Last Updated on 2021/01/28

(China Daily) About a year ago, guqin (Chinese zither) player Sun Ying and singer Yang Huahua met by chance at Modern Sky, one of the country’s largest record companies, in Beijing, where both were working on their own recording projects.

They started to musically improvise for fun. And this unexpectedly turned into a new project.

On Jan 12, Modern Sky released their album, Fantastic Telling, blending guqin with vocals.

The album features seven songs the two musicians adapted from some of the most famous traditional Chinese pieces, including Feng Qiu Huang (A Love Story), Qing Ping Yue (Peaceful Melody) and Qiu Feng Ci (Autumn Wind Song).

“All the guqin pieces in the album are very familiar to me since I’ve played them many times,” says Sun, who started to play guqin with veteran musician and educator Zhao Jiazhen in 2001.

“But Yang and I wanted to experiment with something new to offer listeners a fresh perspective of the guqin.”

In 2004, she enrolled in the middle school affiliated with the Central Conservatory of Music in Beijing and earned top scores.

In 2010, she studied guqin at the conservatory, where she earned both her bachelor’s and master’s degrees in 2014. She has taught guqin at the Tianjin Conservatory of Music since 2018.

The elegant instrument and beautiful sounds appealed to Sun when she was a child. She first encountered the zither at Zhao’s home.

“I’m drawn to the guqin. First of all, it’s beautiful. Second, it generates calm and relaxing sounds,” she says.

“Many people know the guqin as an ancient instrument. But it can be modern and expressive.”

The image of an ancient Chinese man chanting poems while playing the musical instrument with more than 3,000 years of history in a bamboo forest has been portrayed in many martial arts movies and novels. The beautiful sound blends with nature. This is also how Tang Dynasty (618-907) poet Wang Wei (701-761) described the guqin in his poem, Zhu Lin Guan (Bamboo Grove Pavilion).

Sun says guqin performances and singing typically share the same melodies. But she tries to arrange the music to give the instrument a more contemporary role in her adaptation, to literally strike a chord with today’s audiences.
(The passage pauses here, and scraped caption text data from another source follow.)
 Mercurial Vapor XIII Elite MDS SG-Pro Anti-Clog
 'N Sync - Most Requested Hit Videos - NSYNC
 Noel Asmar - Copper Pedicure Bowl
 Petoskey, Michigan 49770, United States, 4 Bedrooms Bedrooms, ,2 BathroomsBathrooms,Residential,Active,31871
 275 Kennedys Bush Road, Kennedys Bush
The guqin is new to Yang, who’s known for performing with pop singers and rock bands. As she improvised with Sun, she gradually fell in love the instrument, which she says produces deep and meditative sounds.

They considered adding more instruments but ultimately decided against it.
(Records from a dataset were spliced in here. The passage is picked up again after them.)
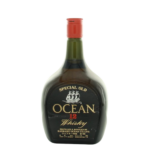 Karuizawa Ocean 12 Year Old 1980s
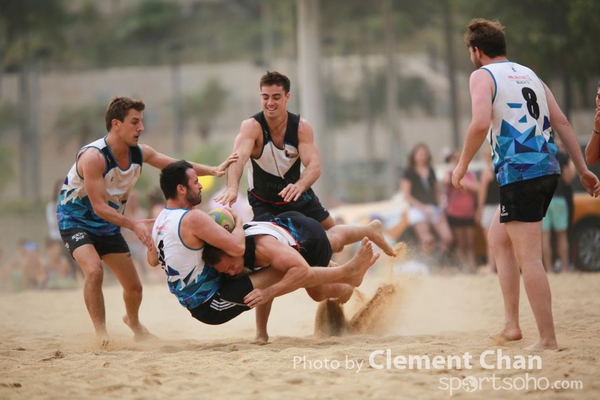 Purdential Beach 5S 2015_647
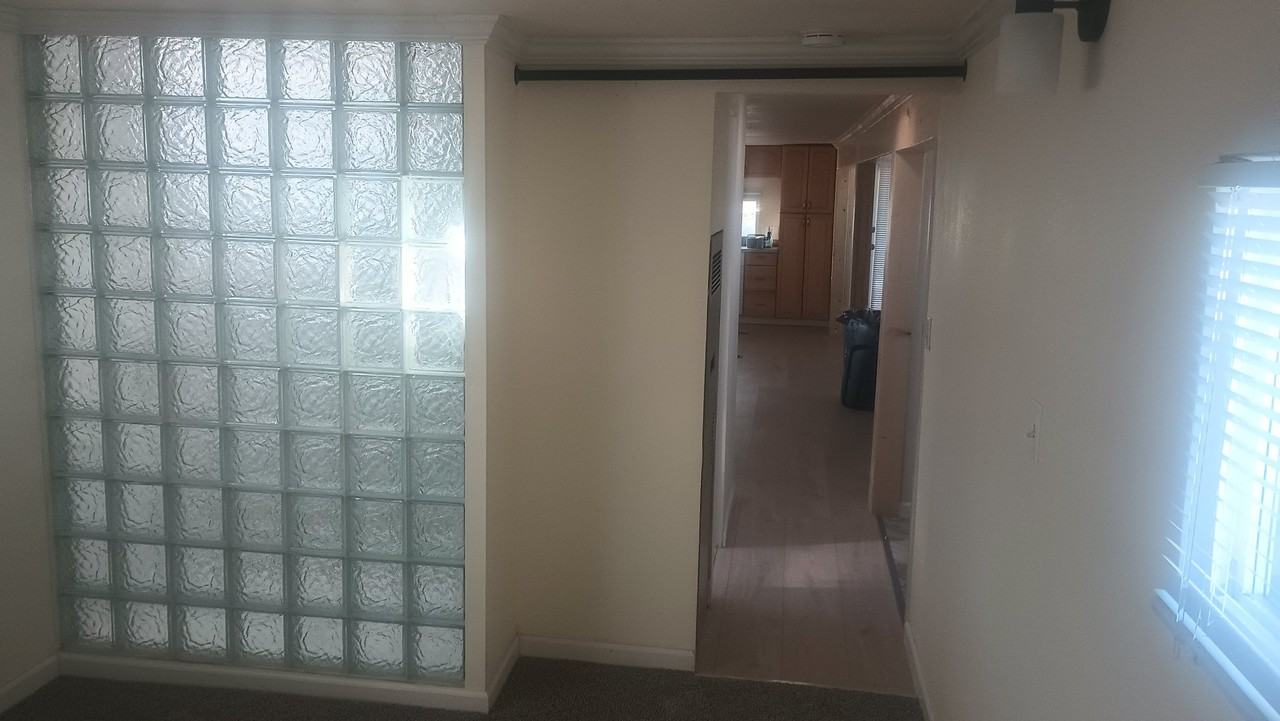 535 S Traffic Way #1 - Photo 7 of 10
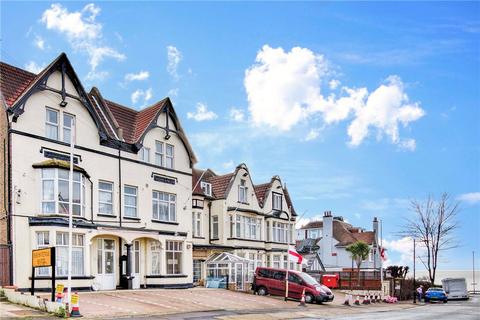 undefined, Grosvenor Road, Westcliff-on-Sea, Essex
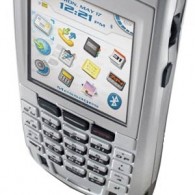 Clientii Orange PrePay pot trimite de acum mesaje multimedia si in roaming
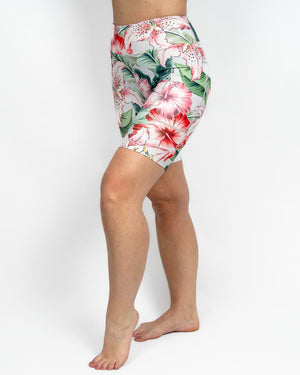 Modell 160 cm str. S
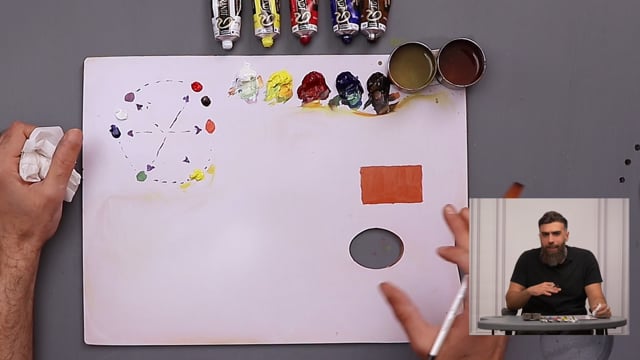 Vimeo Video Thumbnail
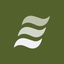 Juruá eBooks icon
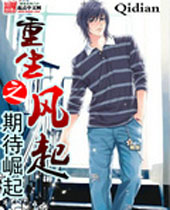 ����֮����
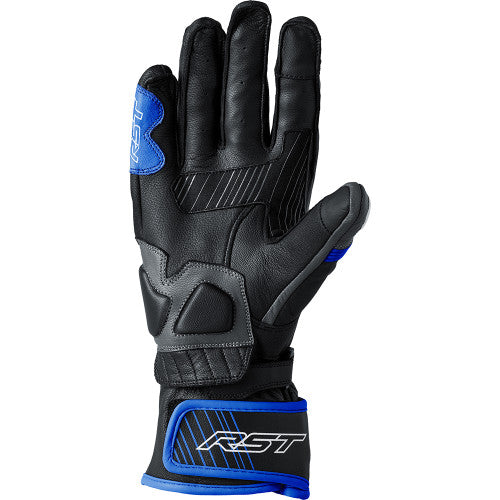 RST Fulcrum CE Gloves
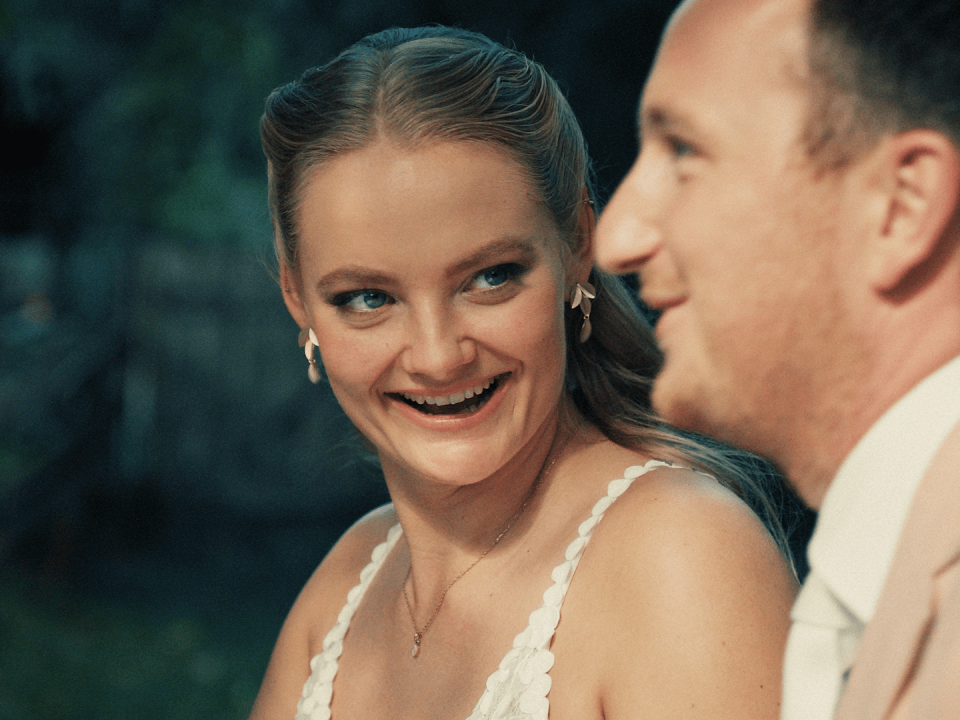 Trouwfotograaf ByLuukSterk details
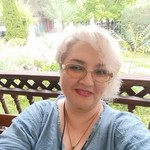 �����, 52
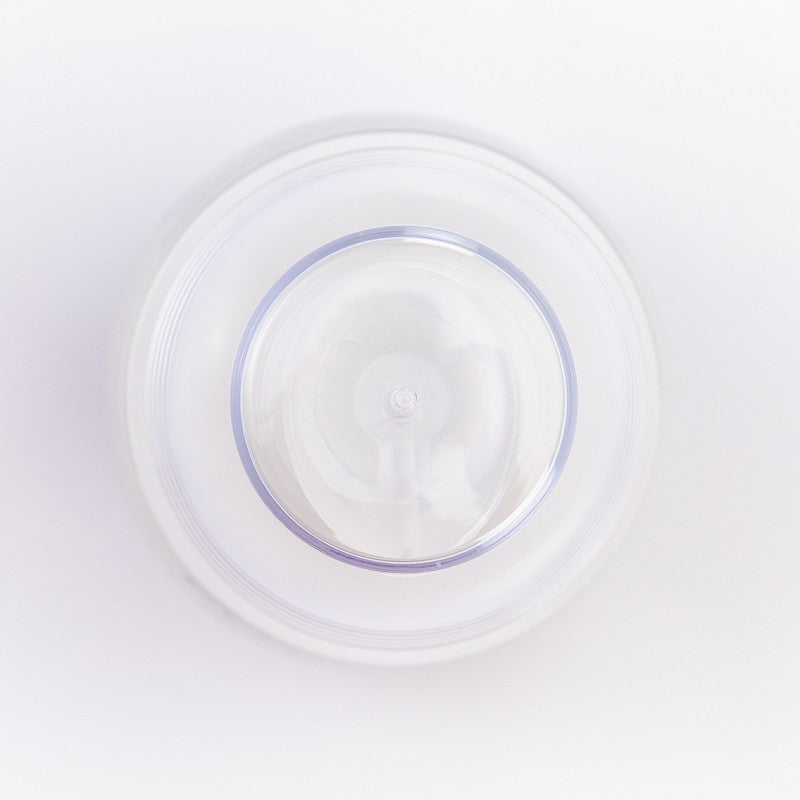 Energizing Oxygenating Serum | Soufffle Marin - Image 2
“We want to present the guqin and vocals with simplicity,” says Yang, adding that she has adjusted her singing style to match the instrument’s “narrative and natural” sound.

Yang started studying vocals as a child and enrolled in the China Conservatory of Music to study opera singing in Beijing in 2012.

Both Sun and Yang signed on with Modern Sky’s new label, L, or Lyu in Chinese, referring to discipline and regulation, which promotes music based on traditional Chinese instruments.

According to the new label’s manager, Guo Yihuan, who is also the album’s producer, L aims to “jump out of the box to seek a new world built on contemporary musicians’ understandings of traditional instruments, giving these ancient instruments new life”.

The album was released at an event that Modern Sky hosted in Beijing in November that reviewed its achievements in 2020 and revealed its plans for 2021.